[Short text fragments from websites]:
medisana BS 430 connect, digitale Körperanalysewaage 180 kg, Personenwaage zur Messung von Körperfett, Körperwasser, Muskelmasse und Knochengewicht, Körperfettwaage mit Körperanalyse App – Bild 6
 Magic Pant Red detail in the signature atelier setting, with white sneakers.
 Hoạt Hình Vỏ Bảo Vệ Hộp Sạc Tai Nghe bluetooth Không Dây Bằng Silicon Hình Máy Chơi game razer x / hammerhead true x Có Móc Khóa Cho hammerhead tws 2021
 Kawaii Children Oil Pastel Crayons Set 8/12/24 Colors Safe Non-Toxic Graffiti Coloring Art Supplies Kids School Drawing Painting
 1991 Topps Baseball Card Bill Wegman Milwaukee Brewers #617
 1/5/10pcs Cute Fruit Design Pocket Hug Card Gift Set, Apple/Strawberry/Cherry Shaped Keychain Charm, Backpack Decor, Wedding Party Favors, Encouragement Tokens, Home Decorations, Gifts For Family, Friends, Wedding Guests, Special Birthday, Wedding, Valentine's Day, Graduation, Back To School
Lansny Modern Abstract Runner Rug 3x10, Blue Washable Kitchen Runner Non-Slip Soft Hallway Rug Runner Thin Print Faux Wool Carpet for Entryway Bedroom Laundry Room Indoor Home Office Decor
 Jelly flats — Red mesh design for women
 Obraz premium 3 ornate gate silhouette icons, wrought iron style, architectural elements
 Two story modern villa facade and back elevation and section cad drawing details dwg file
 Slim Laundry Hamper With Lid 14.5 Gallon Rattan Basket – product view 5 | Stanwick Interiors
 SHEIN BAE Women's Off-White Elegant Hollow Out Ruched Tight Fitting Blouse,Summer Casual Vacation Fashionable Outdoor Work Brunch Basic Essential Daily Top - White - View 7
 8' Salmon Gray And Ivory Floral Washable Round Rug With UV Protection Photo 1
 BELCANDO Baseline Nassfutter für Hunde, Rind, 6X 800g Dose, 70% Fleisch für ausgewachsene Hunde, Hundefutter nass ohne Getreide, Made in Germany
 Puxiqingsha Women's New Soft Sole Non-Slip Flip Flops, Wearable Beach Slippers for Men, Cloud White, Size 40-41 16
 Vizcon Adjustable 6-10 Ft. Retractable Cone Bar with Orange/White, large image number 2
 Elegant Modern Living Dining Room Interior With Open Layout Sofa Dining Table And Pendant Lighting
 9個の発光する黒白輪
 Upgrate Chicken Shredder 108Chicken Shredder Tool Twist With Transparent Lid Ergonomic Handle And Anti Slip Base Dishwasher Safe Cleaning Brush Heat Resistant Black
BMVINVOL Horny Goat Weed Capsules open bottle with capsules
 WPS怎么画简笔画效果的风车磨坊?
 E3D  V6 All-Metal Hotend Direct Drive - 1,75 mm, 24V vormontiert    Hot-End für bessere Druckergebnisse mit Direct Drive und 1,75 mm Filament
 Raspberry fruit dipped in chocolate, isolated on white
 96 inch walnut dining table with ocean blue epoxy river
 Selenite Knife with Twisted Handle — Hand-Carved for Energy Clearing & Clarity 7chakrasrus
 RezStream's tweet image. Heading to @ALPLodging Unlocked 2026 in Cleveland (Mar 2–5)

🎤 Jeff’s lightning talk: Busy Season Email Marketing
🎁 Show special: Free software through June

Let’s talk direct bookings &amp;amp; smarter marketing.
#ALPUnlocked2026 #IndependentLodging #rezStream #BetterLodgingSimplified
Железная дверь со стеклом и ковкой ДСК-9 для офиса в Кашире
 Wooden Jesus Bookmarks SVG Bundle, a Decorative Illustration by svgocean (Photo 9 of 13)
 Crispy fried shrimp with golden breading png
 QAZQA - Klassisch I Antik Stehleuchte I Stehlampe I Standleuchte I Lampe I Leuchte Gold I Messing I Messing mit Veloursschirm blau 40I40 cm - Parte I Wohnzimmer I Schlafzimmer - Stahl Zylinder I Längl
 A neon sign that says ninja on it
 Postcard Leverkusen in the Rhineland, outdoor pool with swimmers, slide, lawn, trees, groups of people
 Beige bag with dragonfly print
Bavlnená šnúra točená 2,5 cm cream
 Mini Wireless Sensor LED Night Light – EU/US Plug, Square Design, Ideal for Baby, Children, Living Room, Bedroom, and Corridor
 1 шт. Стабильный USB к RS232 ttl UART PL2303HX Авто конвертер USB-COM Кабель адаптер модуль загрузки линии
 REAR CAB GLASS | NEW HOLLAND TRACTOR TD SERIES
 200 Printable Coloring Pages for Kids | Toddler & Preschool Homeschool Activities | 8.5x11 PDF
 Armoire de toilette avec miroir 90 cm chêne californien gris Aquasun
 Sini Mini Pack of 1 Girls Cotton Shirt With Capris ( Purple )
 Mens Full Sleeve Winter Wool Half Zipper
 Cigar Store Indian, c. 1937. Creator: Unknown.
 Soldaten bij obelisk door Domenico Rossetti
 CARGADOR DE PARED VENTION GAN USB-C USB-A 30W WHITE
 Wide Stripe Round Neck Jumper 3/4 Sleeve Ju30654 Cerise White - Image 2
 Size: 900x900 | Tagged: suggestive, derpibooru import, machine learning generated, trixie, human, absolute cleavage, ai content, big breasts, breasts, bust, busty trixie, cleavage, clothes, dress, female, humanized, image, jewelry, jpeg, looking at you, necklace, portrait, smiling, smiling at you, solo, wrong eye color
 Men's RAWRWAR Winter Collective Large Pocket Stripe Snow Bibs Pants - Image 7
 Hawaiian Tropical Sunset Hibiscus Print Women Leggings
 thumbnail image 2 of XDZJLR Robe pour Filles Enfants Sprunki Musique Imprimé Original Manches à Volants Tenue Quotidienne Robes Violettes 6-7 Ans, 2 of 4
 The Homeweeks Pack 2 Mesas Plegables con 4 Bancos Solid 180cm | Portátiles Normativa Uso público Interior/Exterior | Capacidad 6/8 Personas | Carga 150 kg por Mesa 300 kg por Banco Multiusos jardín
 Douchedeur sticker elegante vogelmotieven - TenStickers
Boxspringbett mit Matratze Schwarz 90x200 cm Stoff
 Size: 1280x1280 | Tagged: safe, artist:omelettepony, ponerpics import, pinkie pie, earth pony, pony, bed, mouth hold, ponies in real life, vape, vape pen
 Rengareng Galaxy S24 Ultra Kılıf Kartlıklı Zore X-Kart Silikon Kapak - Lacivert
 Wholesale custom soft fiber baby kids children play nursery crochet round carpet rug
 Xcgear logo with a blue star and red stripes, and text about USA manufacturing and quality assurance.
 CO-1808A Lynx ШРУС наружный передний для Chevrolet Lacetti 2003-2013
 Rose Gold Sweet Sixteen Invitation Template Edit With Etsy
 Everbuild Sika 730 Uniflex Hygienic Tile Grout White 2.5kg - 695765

[PROBLEM DETAILS]:
Your reply should contain every entry, repeated exactly.

[RESPONSE TO THIS TASK]:
medisana BS 430 connect, digitale Körperanalysewaage 180 kg, Personenwaage zur Messung von Körperfett, Körperwasser, Muskelmasse und Knochengewicht, Körperfettwaage mit Körperanalyse App – Bild 6
 Magic Pant Red detail in the signature atelier setting, with white sneakers.
 Hoạt Hình Vỏ Bảo Vệ Hộp Sạc Tai Nghe bluetooth Không Dây Bằng Silicon Hình Máy Chơi game razer x / hammerhead true x Có Móc Khóa Cho hammerhead tws 2021
 Kawaii Children Oil Pastel Crayons Set 8/12/24 Colors Safe Non-Toxic Graffiti Coloring Art Supplies Kids School Drawing Painting
 1991 Topps Baseball Card Bill Wegman Milwaukee Brewers #617
 1/5/10pcs Cute Fruit Design Pocket Hug Card Gift Set, Apple/Strawberry/Cherry Shaped Keychain Charm, Backpack Decor, Wedding Party Favors, Encouragement Tokens, Home Decorations, Gifts For Family, Friends, Wedding Guests, Special Birthday, Wedding, Valentine's Day, Graduation, Back To School
Lansny Modern Abstract Runner Rug 3x10, Blue Washable Kitchen Runner Non-Slip Soft Hallway Rug Runner Thin Print Faux Wool Carpet for Entryway Bedroom Laundry Room Indoor Home Office Decor
 Jelly flats — Red mesh design for women
 Obraz premium 3 ornate gate silhouette icons, wrought iron style, architectural elements
 Two story modern villa facade and back elevation and section cad drawing details dwg file
 Slim Laundry Hamper With Lid 14.5 Gallon Rattan Basket – product view 5 | Stanwick Interiors
 SHEIN BAE Women's Off-White Elegant Hollow Out Ruched Tight Fitting Blouse,Summer Casual Vacation Fashionable Outdoor Work Brunch Basic Essential Daily Top - White - View 7
 8' Salmon Gray And Ivory Floral Washable Round Rug With UV Protection Photo 1
 BELCANDO Baseline Nassfutter für Hunde, Rind, 6X 800g Dose, 70% Fleisch für ausgewachsene Hunde, Hundefutter nass ohne Getreide, Made in Germany
 Puxiqingsha Women's New Soft Sole Non-Slip Flip Flops, Wearable Beach Slippers for Men, Cloud White, Size 40-41 16
 Vizcon Adjustable 6-10 Ft. Retractable Cone Bar with Orange/White, large image number 2
 Elegant Modern Living Dining Room Interior With Open Layout Sofa Dining Table And Pendant Lighting
 9個の発光する黒白輪
 Upgrate Chicken Shredder 108Chicken Shredder Tool Twist With Transparent Lid Ergonomic Handle And Anti Slip Base Dishwasher Safe Cleaning Brush Heat Resistant Black
BMVINVOL Horny Goat Weed Capsules open bottle with capsules
 WPS怎么画简笔画效果的风车磨坊?
 E3D  V6 All-Metal Hotend Direct Drive - 1,75 mm, 24V vormontiert    Hot-End für bessere Druckergebnisse mit Direct Drive und 1,75 mm Filament
 Raspberry fruit dipped in chocolate, isolated on white
 96 inch walnut dining table with ocean blue epoxy river
 Selenite Knife with Twisted Handle — Hand-Carved for Energy Clearing & Clarity 7chakrasrus
 RezStream's tweet image. Heading to @ALPLodging Unlocked 2026 in Cleveland (Mar 2–5)

🎤 Jeff’s lightning talk: Busy Season Email Marketing
🎁 Show special: Free software through June

Let’s talk direct bookings &amp;amp; smarter marketing.
#ALPUnlocked2026 #IndependentLodging #rezStream #BetterLodgingSimplified
Железная дверь со стеклом и ковкой ДСК-9 для офиса в Кашире
 Wooden Jesus Bookmarks SVG Bundle, a Decorative Illustration by svgocean (Photo 9 of 13)
 Crispy fried shrimp with golden breading png
 QAZQA - Klassisch I Antik Stehleuchte I Stehlampe I Standleuchte I Lampe I Leuchte Gold I Messing I Messing mit Veloursschirm blau 40I40 cm - Parte I Wohnzimmer I Schlafzimmer - Stahl Zylinder I Längl
 A neon sign that says ninja on it
 Postcard Leverkusen in the Rhineland, outdoor pool with swimmers, slide, lawn, trees, groups of people
 Beige bag with dragonfly print
Bavlnená šnúra točená 2,5 cm cream
 Mini Wireless Sensor LED Night Light – EU/US Plug, Square Design, Ideal for Baby, Children, Living Room, Bedroom, and Corridor
 1 шт. Стабильный USB к RS232 ttl UART PL2303HX Авто конвертер USB-COM Кабель адаптер модуль загрузки линии
 REAR CAB GLASS | NEW HOLLAND TRACTOR TD SERIES
 200 Printable Coloring Pages for Kids | Toddler & Preschool Homeschool Activities | 8.5x11 PDF
 Armoire de toilette avec miroir 90 cm chêne californien gris Aquasun
 Sini Mini Pack of 1 Girls Cotton Shirt With Capris ( Purple )
 Mens Full Sleeve Winter Wool Half Zipper
 Cigar Store Indian, c. 1937. Creator: Unknown.
 Soldaten bij obelisk door Domenico Rossetti
 CARGADOR DE PARED VENTION GAN USB-C USB-A 30W WHITE
 Wide Stripe Round Neck Jumper 3/4 Sleeve Ju30654 Cerise White - Image 2
 Size: 900x900 | Tagged: suggestive, derpibooru import, machine learning generated, trixie, human, absolute cleavage, ai content, big breasts, breasts, bust, busty trixie, cleavage, clothes, dress, female, humanized, image, jewelry, jpeg, looking at you, necklace, portrait, smiling, smiling at you, solo, wrong eye color
 Men's RAWRWAR Winter Collective Large Pocket Stripe Snow Bibs Pants - Image 7
 Hawaiian Tropical Sunset Hibiscus Print Women Leggings
 thumbnail image 2 of XDZJLR Robe pour Filles Enfants Sprunki Musique Imprimé Original Manches à Volants Tenue Quotidienne Robes Violettes 6-7 Ans, 2 of 4
 The Homeweeks Pack 2 Mesas Plegables con 4 Bancos Solid 180cm | Portátiles Normativa Uso público Interior/Exterior | Capacidad 6/8 Personas | Carga 150 kg por Mesa 300 kg por Banco Multiusos jardín
 Douchedeur sticker elegante vogelmotieven - TenStickers
Boxspringbett mit Matratze Schwarz 90x200 cm Stoff
 Size: 1280x1280 | Tagged: safe, artist:omelettepony, ponerpics import, pinkie pie, earth pony, pony, bed, mouth hold, ponies in real life, vape, vape pen
 Rengareng Galaxy S24 Ultra Kılıf Kartlıklı Zore X-Kart Silikon Kapak - Lacivert
 Wholesale custom soft fiber baby kids children play nursery crochet round carpet rug
 Xcgear logo with a blue star and red stripes, and text about USA manufacturing and quality assurance.
 CO-1808A Lynx ШРУС наружный передний для Chevrolet Lacetti 2003-2013
 Rose Gold Sweet Sixteen Invitation Template Edit With Etsy
 Everbuild Sika 730 Uniflex Hygienic Tile Grout White 2.5kg - 695765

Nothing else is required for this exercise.